**Scraped caption text data**
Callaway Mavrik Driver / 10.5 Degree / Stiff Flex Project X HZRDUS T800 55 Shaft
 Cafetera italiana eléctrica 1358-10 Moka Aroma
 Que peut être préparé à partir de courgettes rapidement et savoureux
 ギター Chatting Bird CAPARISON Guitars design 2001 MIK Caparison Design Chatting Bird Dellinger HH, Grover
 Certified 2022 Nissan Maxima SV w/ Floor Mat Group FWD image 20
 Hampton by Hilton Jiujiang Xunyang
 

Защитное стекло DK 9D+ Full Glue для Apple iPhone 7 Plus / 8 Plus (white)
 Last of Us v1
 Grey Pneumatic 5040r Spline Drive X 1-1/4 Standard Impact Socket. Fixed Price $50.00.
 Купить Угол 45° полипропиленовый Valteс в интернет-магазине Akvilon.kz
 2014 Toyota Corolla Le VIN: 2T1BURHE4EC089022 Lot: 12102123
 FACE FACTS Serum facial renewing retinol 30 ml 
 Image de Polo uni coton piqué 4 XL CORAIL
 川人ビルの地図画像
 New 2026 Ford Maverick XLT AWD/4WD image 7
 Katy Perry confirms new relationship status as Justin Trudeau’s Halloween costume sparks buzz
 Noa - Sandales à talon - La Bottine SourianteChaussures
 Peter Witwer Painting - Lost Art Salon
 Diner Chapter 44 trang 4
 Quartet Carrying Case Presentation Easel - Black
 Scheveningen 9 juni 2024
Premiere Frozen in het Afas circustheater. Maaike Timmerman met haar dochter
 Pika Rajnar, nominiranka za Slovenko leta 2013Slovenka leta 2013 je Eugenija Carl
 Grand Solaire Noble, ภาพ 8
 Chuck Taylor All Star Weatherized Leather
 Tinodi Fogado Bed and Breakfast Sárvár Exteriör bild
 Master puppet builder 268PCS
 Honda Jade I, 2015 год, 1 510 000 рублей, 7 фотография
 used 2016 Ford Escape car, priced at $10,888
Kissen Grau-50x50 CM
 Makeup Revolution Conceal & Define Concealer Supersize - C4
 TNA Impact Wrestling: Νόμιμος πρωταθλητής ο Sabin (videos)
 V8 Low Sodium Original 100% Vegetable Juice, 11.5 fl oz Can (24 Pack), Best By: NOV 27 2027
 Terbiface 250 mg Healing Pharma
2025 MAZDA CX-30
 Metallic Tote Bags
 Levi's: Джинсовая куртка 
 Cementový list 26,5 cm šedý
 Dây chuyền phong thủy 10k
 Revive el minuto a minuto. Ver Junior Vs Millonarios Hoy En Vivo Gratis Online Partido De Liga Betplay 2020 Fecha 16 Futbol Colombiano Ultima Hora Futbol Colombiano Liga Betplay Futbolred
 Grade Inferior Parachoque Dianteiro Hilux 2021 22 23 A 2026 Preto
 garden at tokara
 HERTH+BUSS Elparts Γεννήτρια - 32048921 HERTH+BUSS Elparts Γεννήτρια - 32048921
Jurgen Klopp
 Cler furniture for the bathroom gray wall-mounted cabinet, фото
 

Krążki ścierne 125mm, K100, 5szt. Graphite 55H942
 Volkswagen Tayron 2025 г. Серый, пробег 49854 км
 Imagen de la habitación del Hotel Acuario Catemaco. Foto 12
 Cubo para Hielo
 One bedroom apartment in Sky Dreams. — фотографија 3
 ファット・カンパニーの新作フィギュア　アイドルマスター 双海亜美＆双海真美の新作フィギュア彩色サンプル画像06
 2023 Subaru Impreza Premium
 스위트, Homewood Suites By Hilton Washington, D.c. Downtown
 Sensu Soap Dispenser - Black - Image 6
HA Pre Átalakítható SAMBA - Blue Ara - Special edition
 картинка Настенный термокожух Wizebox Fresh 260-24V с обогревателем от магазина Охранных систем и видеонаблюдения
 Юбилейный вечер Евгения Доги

**THE PROBLEM**
Write out all the data exactly.

**RESPONSE FOR THIS EXERCISE**
Callaway Mavrik Driver / 10.5 Degree / Stiff Flex Project X HZRDUS T800 55 Shaft
 Cafetera italiana eléctrica 1358-10 Moka Aroma
 Que peut être préparé à partir de courgettes rapidement et savoureux
 ギター Chatting Bird CAPARISON Guitars design 2001 MIK Caparison Design Chatting Bird Dellinger HH, Grover
 Certified 2022 Nissan Maxima SV w/ Floor Mat Group FWD image 20
 Hampton by Hilton Jiujiang Xunyang
 

Защитное стекло DK 9D+ Full Glue для Apple iPhone 7 Plus / 8 Plus (white)
 Last of Us v1
 Grey Pneumatic 5040r Spline Drive X 1-1/4 Standard Impact Socket. Fixed Price $50.00.
 Купить Угол 45° полипропиленовый Valteс в интернет-магазине Akvilon.kz
 2014 Toyota Corolla Le VIN: 2T1BURHE4EC089022 Lot: 12102123
 FACE FACTS Serum facial renewing retinol 30 ml 
 Image de Polo uni coton piqué 4 XL CORAIL
 川人ビルの地図画像
 New 2026 Ford Maverick XLT AWD/4WD image 7
 Katy Perry confirms new relationship status as Justin Trudeau’s Halloween costume sparks buzz
 Noa - Sandales à talon - La Bottine SourianteChaussures
 Peter Witwer Painting - Lost Art Salon
 Diner Chapter 44 trang 4
 Quartet Carrying Case Presentation Easel - Black
 Scheveningen 9 juni 2024
Premiere Frozen in het Afas circustheater. Maaike Timmerman met haar dochter
 Pika Rajnar, nominiranka za Slovenko leta 2013Slovenka leta 2013 je Eugenija Carl
 Grand Solaire Noble, ภาพ 8
 Chuck Taylor All Star Weatherized Leather
 Tinodi Fogado Bed and Breakfast Sárvár Exteriör bild
 Master puppet builder 268PCS
 Honda Jade I, 2015 год, 1 510 000 рублей, 7 фотография
 used 2016 Ford Escape car, priced at $10,888
Kissen Grau-50x50 CM
 Makeup Revolution Conceal & Define Concealer Supersize - C4
 TNA Impact Wrestling: Νόμιμος πρωταθλητής ο Sabin (videos)
 V8 Low Sodium Original 100% Vegetable Juice, 11.5 fl oz Can (24 Pack), Best By: NOV 27 2027
 Terbiface 250 mg Healing Pharma
2025 MAZDA CX-30
 Metallic Tote Bags
 Levi's: Джинсовая куртка 
 Cementový list 26,5 cm šedý
 Dây chuyền phong thủy 10k
 Revive el minuto a minuto. Ver Junior Vs Millonarios Hoy En Vivo Gratis Online Partido De Liga Betplay 2020 Fecha 16 Futbol Colombiano Ultima Hora Futbol Colombiano Liga Betplay Futbolred
 Grade Inferior Parachoque Dianteiro Hilux 2021 22 23 A 2026 Preto
 garden at tokara
 HERTH+BUSS Elparts Γεννήτρια - 32048921 HERTH+BUSS Elparts Γεννήτρια - 32048921
Jurgen Klopp
 Cler furniture for the bathroom gray wall-mounted cabinet, фото
 

Krążki ścierne 125mm, K100, 5szt. Graphite 55H942
 Volkswagen Tayron 2025 г. Серый, пробег 49854 км
 Imagen de la habitación del Hotel Acuario Catemaco. Foto 12
 Cubo para Hielo
 One bedroom apartment in Sky Dreams. — фотографија 3
 ファット・カンパニーの新作フィギュア　アイドルマスター 双海亜美＆双海真美の新作フィギュア彩色サンプル画像06
 2023 Subaru Impreza Premium
 스위트, Homewood Suites By Hilton Washington, D.c. Downtown
 Sensu Soap Dispenser - Black - Image 6
HA Pre Átalakítható SAMBA - Blue Ara - Special edition
 картинка Настенный термокожух Wizebox Fresh 260-24V с обогревателем от магазина Охранных систем и видеонаблюдения
 Юбилейный вечер Евгения Доги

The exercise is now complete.